In the hour or so prior to kick off in yesterday’s Liverpool v Manchester United showdown, United fans were stunned by the team sheet announced by the Champions. Social networks were overworked with fretting United fans fearing a big defeat to the team they hate to lose to most. Text messages were flying around from both sets of fans; “we could get spanked today” said one United stalwart, a Liverpool fan boasted “we’ll rip that line up apart”. Both sets of fans were way off the mark of course as the game was largely even and ended with the spoils shared. A lot of United fans owed Sir Alex an apology for their pre-match defeatism.
However, reasonably content with a decent point in the bag, I was stunned by the post match reaction. Rather than contrition I saw wide spread criticism of the line up and tactics – most of it from kids who were not even born when Sir Alex first rolled into Old Trafford in 1986. There is a running joke amongst United fans that always references “Sack Fergie, Sell Giggs” to describe fans guilty of knee jerk reactions to United setbacks. The phrase came to mind yesterday as the insults flew at both men.
It seems that computer and video games are so realistic these days that people who play “Championship Manager” or “Football Manager” suddenly know more about the game than one of the greatest managers of all time. They’d have picked Rooney and Hernandez up front and “gone for it”. They wouldn’t have played with “negative tactics” as United did. F365 predictably joined the fun and described United’s line up as “cowardly” which is amongst the more bizarre criticisms for a man who has made a career out of making big calls and doing so fearlessly. Exactly how cowardly is it to take your team away to your bitter rivals and leave out Rooney, Hernandez, Nani, Valencia, Anderson, Carrick, Vidic and with poor old Berbatov not even on the bench? How about giving the talented but inexperienced Jones his first appearance in midfield in the lions den at Anfield? That takes some balls. It also takes a lot of faith in your squad, faith that is clearly not shared amongst all United fans.

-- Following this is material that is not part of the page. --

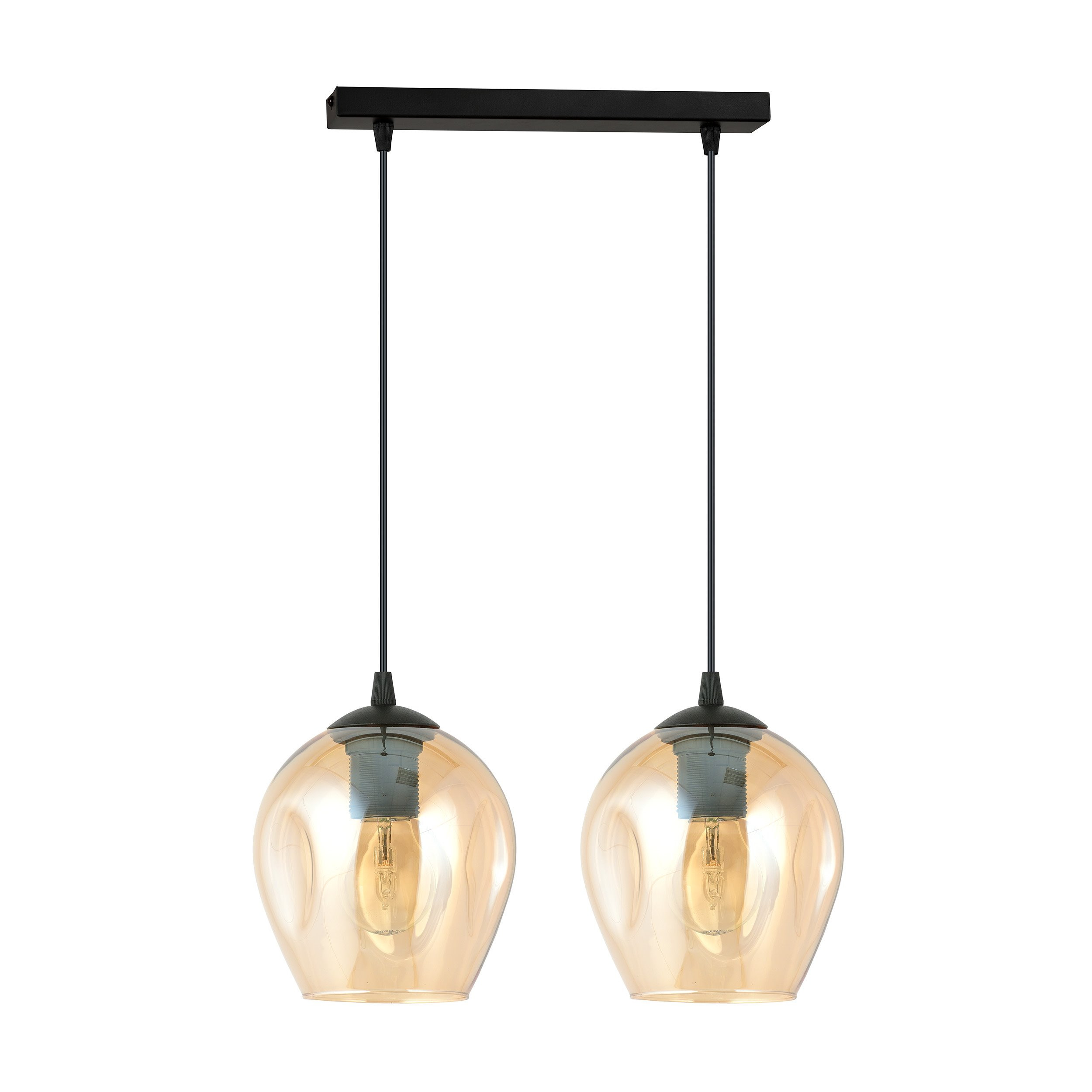 Suspension Istar base en métal linéaire et abat-jour en verre au design contemporain par Emibig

The truth is Ferguson’s selection was spot on and his tactics worked almost perfectly and here is why. United were set up to flood the midfield and quieten the crowd (12.45pm kick off time also helped – the atmosphere in these games is never as good). It was clear that reinforcements would be sent on in the second half to find and exploit space with the game stretched. The team selected was more than good enough to keep a Liverpool side I feel will struggle to even make the Europa Cup at bay.
And so it went with a tepid first half resulting in a muted Anfield. Unfortunately unlike the virtual world, in the real world there is no accounting for an experienced player inexplicably abandoning his place in a defensive wall. There is no planning and preparation that can deal with a referee being conned by a flagrant dive that ends up gifting the opposition a goal.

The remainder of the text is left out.